_PROBLEM DETAILS_.
Your answer must consist solely of the lines from the start of the entries below through the line with "如何从做项目变成卖项目，从月收入几千到月入几万【揭秘】-柠檬网创", unchanged.

Data records:
********************

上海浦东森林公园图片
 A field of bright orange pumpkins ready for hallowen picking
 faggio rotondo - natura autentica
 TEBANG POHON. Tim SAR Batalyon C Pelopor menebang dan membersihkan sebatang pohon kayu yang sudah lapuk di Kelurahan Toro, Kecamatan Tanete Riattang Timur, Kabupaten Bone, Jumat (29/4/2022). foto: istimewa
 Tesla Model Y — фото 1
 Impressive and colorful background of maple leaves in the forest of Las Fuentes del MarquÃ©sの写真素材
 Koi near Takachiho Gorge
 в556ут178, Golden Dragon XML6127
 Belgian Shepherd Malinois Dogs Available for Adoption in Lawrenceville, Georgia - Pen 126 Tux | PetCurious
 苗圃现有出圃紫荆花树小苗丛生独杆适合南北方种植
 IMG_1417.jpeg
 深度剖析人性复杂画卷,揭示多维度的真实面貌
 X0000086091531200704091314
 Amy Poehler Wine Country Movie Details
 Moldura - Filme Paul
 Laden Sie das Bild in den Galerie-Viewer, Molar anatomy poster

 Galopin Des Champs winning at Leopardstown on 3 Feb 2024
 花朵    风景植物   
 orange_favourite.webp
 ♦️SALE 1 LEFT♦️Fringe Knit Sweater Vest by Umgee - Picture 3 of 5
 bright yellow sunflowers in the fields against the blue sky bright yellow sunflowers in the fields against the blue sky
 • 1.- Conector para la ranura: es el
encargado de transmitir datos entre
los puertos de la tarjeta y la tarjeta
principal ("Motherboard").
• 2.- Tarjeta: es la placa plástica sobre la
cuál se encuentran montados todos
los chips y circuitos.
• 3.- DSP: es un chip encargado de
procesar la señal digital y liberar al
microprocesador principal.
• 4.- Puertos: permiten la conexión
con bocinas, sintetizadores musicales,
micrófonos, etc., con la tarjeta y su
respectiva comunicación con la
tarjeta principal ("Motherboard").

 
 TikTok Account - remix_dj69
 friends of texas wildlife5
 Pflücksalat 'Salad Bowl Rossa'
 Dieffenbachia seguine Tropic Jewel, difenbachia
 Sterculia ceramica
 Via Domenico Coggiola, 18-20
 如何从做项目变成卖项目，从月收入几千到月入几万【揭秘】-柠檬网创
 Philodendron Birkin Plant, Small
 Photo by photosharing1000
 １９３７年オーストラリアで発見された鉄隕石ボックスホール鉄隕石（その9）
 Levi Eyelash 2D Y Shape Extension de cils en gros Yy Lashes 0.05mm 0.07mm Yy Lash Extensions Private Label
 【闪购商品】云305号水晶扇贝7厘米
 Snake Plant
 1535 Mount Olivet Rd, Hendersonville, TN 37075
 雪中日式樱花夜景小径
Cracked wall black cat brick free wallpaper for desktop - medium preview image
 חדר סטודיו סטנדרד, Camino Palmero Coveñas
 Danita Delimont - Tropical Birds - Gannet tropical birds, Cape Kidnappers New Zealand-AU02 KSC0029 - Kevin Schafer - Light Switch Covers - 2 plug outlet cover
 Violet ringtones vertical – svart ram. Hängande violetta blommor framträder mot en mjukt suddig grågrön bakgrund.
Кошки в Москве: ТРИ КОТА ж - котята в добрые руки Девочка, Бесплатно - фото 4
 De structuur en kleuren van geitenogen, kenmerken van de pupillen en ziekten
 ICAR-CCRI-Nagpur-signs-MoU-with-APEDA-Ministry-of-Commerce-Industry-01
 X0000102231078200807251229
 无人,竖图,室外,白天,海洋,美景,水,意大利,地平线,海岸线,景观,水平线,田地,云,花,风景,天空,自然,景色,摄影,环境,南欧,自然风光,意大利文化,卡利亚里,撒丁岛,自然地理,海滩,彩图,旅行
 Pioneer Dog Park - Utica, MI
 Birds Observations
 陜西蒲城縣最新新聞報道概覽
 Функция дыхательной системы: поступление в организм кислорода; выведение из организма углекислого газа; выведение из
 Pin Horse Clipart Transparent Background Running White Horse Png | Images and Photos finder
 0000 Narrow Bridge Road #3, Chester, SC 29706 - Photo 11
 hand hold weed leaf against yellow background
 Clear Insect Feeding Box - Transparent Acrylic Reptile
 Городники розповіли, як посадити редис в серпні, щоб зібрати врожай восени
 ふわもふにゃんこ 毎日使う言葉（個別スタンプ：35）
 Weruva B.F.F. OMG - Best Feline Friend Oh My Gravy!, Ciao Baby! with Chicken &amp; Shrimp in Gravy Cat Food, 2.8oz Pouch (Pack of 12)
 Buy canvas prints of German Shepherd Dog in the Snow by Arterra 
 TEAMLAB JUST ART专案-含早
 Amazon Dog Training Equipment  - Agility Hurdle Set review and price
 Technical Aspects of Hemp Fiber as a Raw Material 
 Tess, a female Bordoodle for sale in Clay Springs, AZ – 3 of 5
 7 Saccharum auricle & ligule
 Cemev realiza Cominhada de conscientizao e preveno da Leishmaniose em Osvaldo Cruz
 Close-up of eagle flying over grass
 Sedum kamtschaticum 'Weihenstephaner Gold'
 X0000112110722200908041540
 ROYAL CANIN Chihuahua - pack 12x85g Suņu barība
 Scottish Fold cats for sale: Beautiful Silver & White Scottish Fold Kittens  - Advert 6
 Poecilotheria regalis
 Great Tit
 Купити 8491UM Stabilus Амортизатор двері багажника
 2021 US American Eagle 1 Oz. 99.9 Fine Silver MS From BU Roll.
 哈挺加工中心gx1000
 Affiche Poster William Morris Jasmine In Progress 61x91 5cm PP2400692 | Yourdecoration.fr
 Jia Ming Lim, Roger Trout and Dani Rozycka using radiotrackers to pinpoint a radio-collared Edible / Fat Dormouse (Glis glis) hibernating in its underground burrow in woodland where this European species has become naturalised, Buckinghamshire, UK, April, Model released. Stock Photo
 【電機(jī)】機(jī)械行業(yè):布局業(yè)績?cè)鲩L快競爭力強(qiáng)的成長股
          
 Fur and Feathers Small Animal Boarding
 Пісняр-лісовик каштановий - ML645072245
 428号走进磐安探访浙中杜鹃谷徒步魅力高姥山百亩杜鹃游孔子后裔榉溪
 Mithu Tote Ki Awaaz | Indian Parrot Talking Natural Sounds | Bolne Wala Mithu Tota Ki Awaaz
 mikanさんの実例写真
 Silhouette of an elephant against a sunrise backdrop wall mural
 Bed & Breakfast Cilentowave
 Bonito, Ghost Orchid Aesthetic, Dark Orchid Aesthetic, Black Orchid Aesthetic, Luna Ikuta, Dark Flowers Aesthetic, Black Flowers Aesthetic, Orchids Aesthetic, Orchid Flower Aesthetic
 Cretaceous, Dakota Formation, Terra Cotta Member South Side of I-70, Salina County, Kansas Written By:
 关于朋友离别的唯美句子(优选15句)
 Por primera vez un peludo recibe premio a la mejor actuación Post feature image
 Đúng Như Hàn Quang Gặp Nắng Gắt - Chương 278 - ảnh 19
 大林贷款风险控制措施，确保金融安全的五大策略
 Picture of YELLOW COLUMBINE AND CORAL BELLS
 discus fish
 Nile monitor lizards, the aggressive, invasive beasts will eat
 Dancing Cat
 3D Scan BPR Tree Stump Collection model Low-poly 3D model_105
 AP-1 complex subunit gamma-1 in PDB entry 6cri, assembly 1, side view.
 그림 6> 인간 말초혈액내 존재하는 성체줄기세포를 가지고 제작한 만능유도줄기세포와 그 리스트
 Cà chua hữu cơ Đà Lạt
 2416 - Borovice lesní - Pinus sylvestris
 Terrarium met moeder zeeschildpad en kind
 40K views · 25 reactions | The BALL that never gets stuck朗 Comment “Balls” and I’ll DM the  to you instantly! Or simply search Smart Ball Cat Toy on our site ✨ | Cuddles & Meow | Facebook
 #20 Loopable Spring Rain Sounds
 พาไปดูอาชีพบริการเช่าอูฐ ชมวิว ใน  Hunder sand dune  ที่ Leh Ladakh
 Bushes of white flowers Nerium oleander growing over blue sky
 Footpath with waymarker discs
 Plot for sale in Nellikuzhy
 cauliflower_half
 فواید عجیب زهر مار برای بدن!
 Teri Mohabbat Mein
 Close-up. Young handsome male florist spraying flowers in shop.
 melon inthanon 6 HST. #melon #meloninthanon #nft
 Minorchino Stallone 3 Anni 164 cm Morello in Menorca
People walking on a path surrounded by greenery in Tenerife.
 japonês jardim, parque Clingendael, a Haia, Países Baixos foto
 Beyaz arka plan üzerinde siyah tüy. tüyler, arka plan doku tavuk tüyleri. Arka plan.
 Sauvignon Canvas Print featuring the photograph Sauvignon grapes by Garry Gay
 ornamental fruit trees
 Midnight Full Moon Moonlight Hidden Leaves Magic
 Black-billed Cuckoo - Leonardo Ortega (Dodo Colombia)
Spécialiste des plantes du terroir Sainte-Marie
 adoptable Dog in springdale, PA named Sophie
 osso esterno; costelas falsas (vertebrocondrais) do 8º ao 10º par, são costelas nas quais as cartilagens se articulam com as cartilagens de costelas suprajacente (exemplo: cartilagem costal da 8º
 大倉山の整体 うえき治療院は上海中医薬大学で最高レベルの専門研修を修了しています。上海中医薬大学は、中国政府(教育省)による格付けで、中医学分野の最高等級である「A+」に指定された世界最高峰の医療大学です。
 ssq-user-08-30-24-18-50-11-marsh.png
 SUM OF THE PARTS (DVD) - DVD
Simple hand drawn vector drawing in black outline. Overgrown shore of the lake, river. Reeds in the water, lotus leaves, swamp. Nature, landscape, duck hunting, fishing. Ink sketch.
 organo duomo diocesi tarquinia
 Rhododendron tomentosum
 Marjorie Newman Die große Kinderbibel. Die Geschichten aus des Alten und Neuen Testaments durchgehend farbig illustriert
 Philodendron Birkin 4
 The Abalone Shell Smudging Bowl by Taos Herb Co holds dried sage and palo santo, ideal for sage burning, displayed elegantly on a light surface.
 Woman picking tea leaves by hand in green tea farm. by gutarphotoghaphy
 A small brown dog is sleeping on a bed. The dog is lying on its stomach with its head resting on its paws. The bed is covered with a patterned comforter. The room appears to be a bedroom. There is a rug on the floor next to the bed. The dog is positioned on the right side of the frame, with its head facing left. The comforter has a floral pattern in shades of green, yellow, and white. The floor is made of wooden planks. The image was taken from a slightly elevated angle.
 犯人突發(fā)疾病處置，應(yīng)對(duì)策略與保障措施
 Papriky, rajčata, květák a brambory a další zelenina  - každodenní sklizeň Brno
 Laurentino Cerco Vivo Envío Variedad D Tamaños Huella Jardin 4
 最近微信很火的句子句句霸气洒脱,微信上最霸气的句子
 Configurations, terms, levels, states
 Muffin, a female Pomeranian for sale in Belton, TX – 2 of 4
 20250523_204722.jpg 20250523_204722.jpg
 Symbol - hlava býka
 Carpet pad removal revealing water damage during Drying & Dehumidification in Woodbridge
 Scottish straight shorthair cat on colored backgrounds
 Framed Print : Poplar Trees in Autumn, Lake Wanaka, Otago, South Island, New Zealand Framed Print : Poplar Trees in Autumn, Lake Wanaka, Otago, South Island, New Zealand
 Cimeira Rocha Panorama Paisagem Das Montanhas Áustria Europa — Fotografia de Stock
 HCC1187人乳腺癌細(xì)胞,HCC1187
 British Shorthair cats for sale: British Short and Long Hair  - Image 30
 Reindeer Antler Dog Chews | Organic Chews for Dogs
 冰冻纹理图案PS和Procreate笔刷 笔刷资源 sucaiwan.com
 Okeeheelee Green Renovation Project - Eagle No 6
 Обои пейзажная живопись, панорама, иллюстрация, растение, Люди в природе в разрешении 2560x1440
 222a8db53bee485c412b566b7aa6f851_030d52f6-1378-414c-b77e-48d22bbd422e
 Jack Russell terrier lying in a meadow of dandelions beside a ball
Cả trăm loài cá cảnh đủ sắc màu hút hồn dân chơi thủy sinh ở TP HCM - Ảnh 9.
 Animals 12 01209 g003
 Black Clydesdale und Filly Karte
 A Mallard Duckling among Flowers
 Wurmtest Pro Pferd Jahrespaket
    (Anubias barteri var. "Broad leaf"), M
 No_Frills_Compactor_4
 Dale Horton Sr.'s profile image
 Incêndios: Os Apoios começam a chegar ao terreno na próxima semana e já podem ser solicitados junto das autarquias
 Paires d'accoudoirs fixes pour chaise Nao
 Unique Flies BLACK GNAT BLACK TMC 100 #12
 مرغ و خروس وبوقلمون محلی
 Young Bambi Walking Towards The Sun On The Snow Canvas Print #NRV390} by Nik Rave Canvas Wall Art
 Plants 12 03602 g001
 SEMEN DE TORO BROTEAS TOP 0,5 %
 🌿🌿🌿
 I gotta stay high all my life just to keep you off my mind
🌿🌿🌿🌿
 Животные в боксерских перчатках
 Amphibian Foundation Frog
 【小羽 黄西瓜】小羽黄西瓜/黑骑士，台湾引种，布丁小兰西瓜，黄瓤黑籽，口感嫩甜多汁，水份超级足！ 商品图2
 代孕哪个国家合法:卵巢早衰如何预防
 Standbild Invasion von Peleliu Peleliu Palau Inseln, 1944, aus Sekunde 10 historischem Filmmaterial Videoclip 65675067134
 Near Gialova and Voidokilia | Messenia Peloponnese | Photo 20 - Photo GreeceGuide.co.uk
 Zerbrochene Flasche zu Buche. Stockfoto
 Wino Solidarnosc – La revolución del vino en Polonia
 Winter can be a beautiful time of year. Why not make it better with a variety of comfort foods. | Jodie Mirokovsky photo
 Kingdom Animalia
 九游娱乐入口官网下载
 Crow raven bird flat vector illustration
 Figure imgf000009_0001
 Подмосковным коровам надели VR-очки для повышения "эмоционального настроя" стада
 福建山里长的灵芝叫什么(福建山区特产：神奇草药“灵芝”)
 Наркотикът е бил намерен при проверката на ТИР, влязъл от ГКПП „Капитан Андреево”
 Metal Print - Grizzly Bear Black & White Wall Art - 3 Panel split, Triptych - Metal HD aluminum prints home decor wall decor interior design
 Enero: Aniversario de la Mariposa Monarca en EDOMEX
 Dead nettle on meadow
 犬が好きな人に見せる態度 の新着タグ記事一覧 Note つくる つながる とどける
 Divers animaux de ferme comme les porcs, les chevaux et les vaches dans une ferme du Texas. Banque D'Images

********************

_EXERCISE ANSWER_.
上海浦东森林公园图片
 A field of bright orange pumpkins ready for hallowen picking
 faggio rotondo - natura autentica
 TEBANG POHON. Tim SAR Batalyon C Pelopor menebang dan membersihkan sebatang pohon kayu yang sudah lapuk di Kelurahan Toro, Kecamatan Tanete Riattang Timur, Kabupaten Bone, Jumat (29/4/2022). foto: istimewa
 Tesla Model Y — фото 1
 Impressive and colorful background of maple leaves in the forest of Las Fuentes del MarquÃ©sの写真素材
 Koi near Takachiho Gorge
 в556ут178, Golden Dragon XML6127
 Belgian Shepherd Malinois Dogs Available for Adoption in Lawrenceville, Georgia - Pen 126 Tux | PetCurious
 苗圃现有出圃紫荆花树小苗丛生独杆适合南北方种植
 IMG_1417.jpeg
 深度剖析人性复杂画卷,揭示多维度的真实面貌
 X0000086091531200704091314
 Amy Poehler Wine Country Movie Details
 Moldura - Filme Paul
 Laden Sie das Bild in den Galerie-Viewer, Molar anatomy poster

 Galopin Des Champs winning at Leopardstown on 3 Feb 2024
 花朵    风景植物   
 orange_favourite.webp
 ♦️SALE 1 LEFT♦️Fringe Knit Sweater Vest by Umgee - Picture 3 of 5
 bright yellow sunflowers in the fields against the blue sky bright yellow sunflowers in the fields against the blue sky
 • 1.- Conector para la ranura: es el
encargado de transmitir datos entre
los puertos de la tarjeta y la tarjeta
principal ("Motherboard").
• 2.- Tarjeta: es la placa plástica sobre la
cuál se encuentran montados todos
los chips y circuitos.
• 3.- DSP: es un chip encargado de
procesar la señal digital y liberar al
microprocesador principal.
• 4.- Puertos: permiten la conexión
con bocinas, sintetizadores musicales,
micrófonos, etc., con la tarjeta y su
respectiva comunicación con la
tarjeta principal ("Motherboard").

 
 TikTok Account - remix_dj69
 friends of texas wildlife5
 Pflücksalat 'Salad Bowl Rossa'
 Dieffenbachia seguine Tropic Jewel, difenbachia
 Sterculia ceramica
 Via Domenico Coggiola, 18-20
 如何从做项目变成卖项目，从月收入几千到月入几万【揭秘】-柠檬网创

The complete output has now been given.